* **DATA UNDER STUDY**

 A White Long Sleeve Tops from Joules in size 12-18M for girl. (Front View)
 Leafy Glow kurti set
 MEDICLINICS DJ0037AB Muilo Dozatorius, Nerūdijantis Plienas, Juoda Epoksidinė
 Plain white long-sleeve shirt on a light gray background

...

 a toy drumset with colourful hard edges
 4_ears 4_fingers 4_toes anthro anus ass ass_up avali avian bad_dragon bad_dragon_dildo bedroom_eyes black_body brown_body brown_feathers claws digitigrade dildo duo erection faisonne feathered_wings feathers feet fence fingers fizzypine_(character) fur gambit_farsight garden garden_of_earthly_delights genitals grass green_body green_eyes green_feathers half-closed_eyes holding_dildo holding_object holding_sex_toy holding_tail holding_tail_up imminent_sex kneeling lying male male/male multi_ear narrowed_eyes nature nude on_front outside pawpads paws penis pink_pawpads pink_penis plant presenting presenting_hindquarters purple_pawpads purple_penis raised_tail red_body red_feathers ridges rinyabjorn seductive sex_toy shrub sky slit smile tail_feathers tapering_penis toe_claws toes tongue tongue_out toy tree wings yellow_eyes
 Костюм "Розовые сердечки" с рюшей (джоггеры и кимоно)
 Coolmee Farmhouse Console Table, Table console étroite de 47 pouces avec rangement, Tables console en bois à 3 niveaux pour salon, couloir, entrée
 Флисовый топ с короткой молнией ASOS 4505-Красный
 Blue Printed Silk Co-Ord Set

* **WHAT TO PRODUCE**
Given the records above, return exactly the lines starting at the line containing "A White Long" and ending at the line containing "Plain white long-sleeve", including both.

* **RESPONSE TO THE EXERCISE**
 A White Long Sleeve Tops from Joules in size 12-18M for girl. (Front View)
 Leafy Glow kurti set
 MEDICLINICS DJ0037AB Muilo Dozatorius, Nerūdijantis Plienas, Juoda Epoksidinė
 Plain white long-sleeve shirt on a light gray background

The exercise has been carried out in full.